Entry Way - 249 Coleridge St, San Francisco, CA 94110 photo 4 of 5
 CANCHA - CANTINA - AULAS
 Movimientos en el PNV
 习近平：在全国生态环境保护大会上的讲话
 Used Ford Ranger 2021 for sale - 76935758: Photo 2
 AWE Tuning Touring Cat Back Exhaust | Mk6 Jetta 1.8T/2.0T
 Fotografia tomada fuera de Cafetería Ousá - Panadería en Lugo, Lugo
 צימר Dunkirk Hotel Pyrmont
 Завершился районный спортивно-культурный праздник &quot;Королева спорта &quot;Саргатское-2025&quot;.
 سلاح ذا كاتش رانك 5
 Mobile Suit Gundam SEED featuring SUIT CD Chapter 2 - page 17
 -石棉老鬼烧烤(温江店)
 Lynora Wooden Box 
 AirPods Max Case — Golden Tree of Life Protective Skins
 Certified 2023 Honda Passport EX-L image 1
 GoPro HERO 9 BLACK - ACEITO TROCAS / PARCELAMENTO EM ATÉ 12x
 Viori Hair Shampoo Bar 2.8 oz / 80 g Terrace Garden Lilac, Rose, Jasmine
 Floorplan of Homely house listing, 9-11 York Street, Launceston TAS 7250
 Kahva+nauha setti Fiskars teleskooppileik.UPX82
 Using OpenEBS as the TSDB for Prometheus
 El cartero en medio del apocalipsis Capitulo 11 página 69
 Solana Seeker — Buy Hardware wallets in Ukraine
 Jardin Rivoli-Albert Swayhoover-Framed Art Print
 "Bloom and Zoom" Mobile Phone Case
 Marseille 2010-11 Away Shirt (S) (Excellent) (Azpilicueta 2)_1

- _INSTRUCTIONS TO FOLLOW_:
Spot the lines above that mention "Mobile" and copy them.

- _EXPECTED OUTPUT_:
 Mobile Suit Gundam SEED featuring SUIT CD Chapter 2 - page 17
 "Bloom and Zoom" Mobile Phone Case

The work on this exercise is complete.